I would guess that maybe 25% of the time when I come home, auto-hop is not available on my PTAT shows. I don't see the kangaroo icon on any shows whatsoever, even shows that I had watched the night before. 

My video signal looks good, the internet connection looks good, I just can't hop. Then I'll try again the next day and things are working normal again. Any ideas?


----------



## Stewart Vernon (Jan 7, 2005)

What shows and what channel/networks?

Some shows apparently are not processed by PTAT, like local ones I think.


----------



## P Smith (Jul 25, 2002)

Try make cold reboot every day - disconnect power cord of h2k for 15 sec.


----------



## [email protected] Network (Jul 21, 2011)

misterp said:


> I would guess that maybe 25% of the time when I come home, auto-hop is not available on my PTAT shows. I don't see the kangaroo icon on any shows whatsoever, even shows that I had watched the night before.
> 
> My video signal looks good, the internet connection looks good, I just can't hop. Then I'll try again the next day and things are working normal again. Any ideas?

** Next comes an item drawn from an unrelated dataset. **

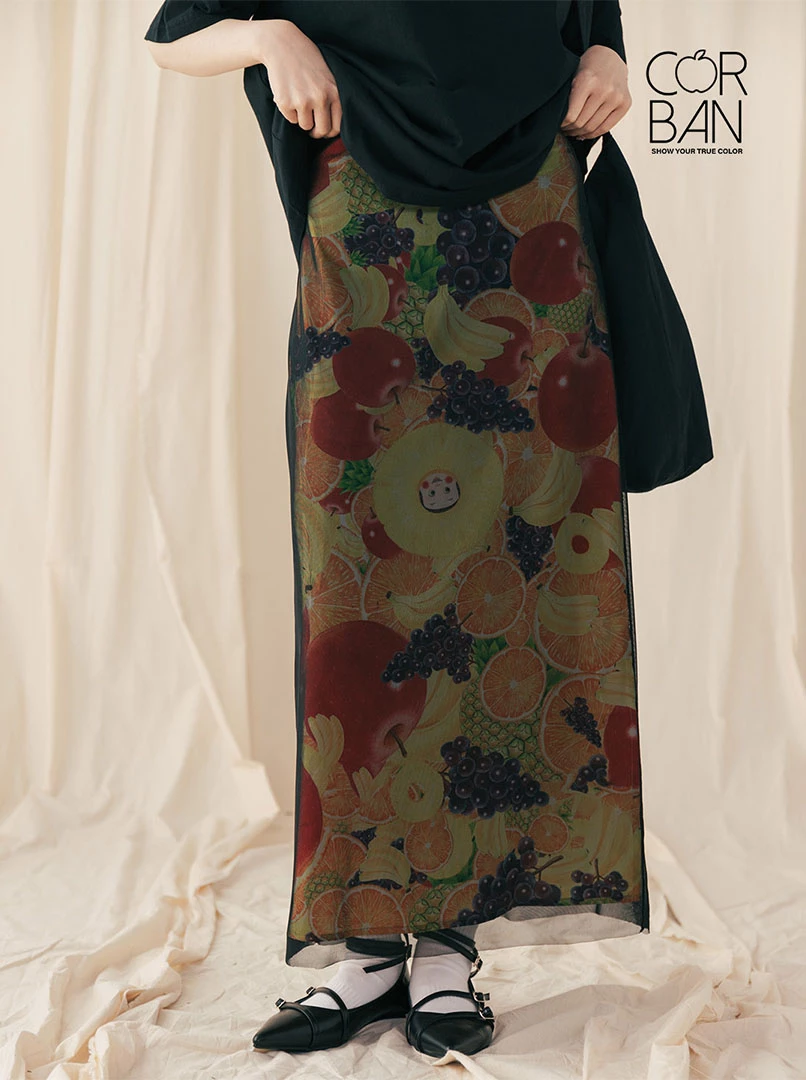 蘋果妹水果印花裙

Please send me a PM with your phone or account number and I'll be happy to assist you with some troubleshooting. Thank you!


----------



## misterp (May 28, 2012)

Raymond - I will get in touch with you, I appreciate your quick responses on all of these issues. Since I'm still kind of new to hopper I'm going to try to collect all of my issues together first - some may be minor user-errors on my part that the forum can help with. 

Thanks.


----------



## misterp (May 28, 2012)

@Stewart: this affects ALL of PTAT. I can't skip any show, on any network. The kangaroo icon is completely gone, even from shows that were skipping perfectly fine the day before.


----------



## mocia (Jun 14, 2012)

I have been having the same issue. We got the Hopper on Friday the 22nd of June, had no problems with the auto hop feature until Wednesday the 27th (everything recorded that evening we are able to auto hop) but on Thursday the 28th from then until current unable to auto hop any of the shows recently recorded using PTAT.

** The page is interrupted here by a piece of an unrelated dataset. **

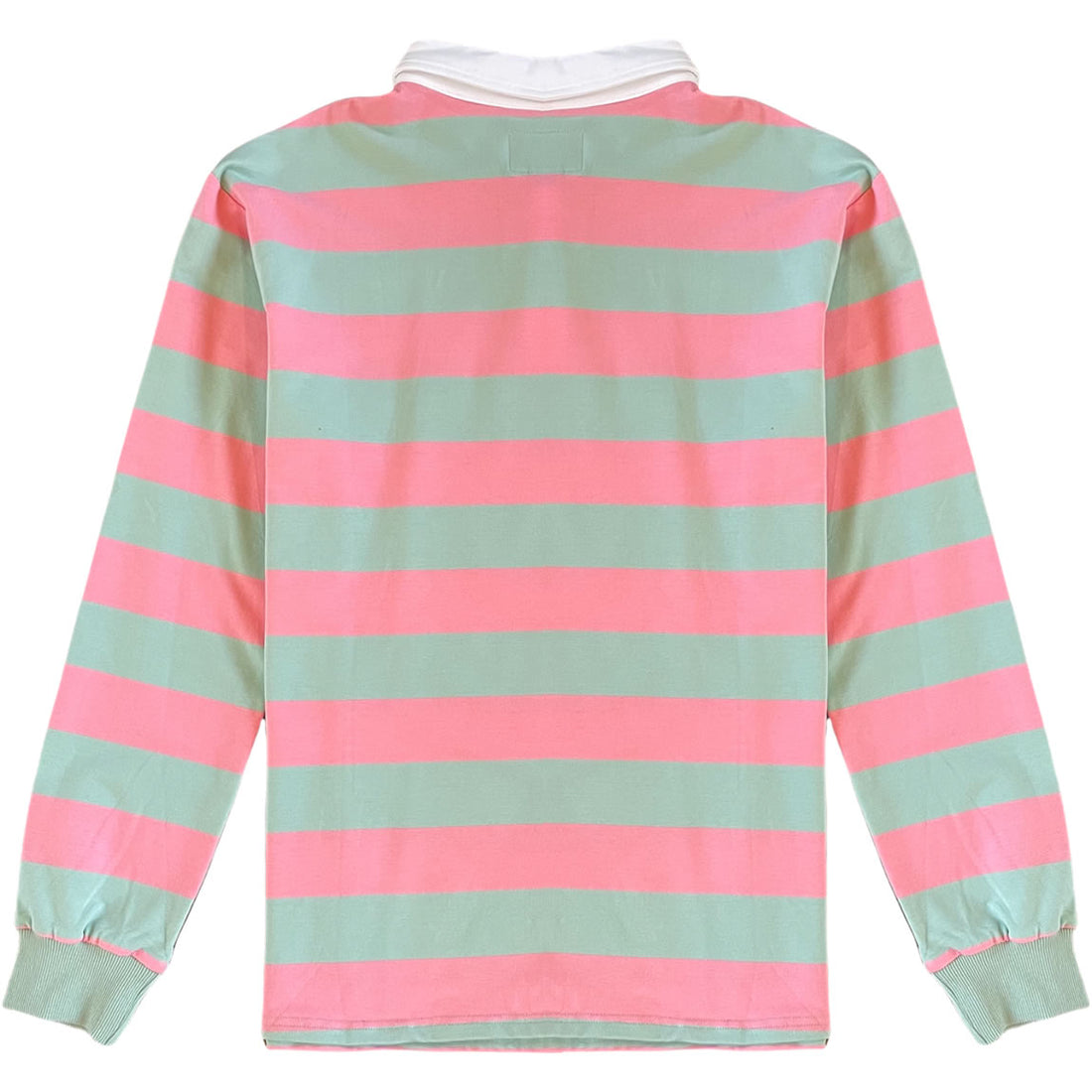 Pastel Pink and Mint Green White Striped Mens Long Sleeve Rugby Shirt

I noticed that there was a software update on Wednesday, but like the thread starter we are new to the hopper and may have done something wrong. Any help would be great.

Thanks,
Ron


----------



## bigdog9586 (Jan 17, 2008)

I went to my PRIMETIME folder and all the shows before July 1 have the red kangaroo icon in the top right corner. Everything recorded July 1 don't have it. Looks like the suit by the networks scared them.


----------



## James Long (Apr 17, 2003)

Sorry ... but all my kangaroos are still there, including on last night's shows. The theory that DISH had quietly ended Autohop is false.


----------



## oldengineer (May 25, 2008)

Last nights PTAT shows were OK on both Hoppers except for Fox News, which was disabled. However both Hoppers had about 25-50% of shows disabled from 6/29-7/1. This seems to be an S213 problem.


----------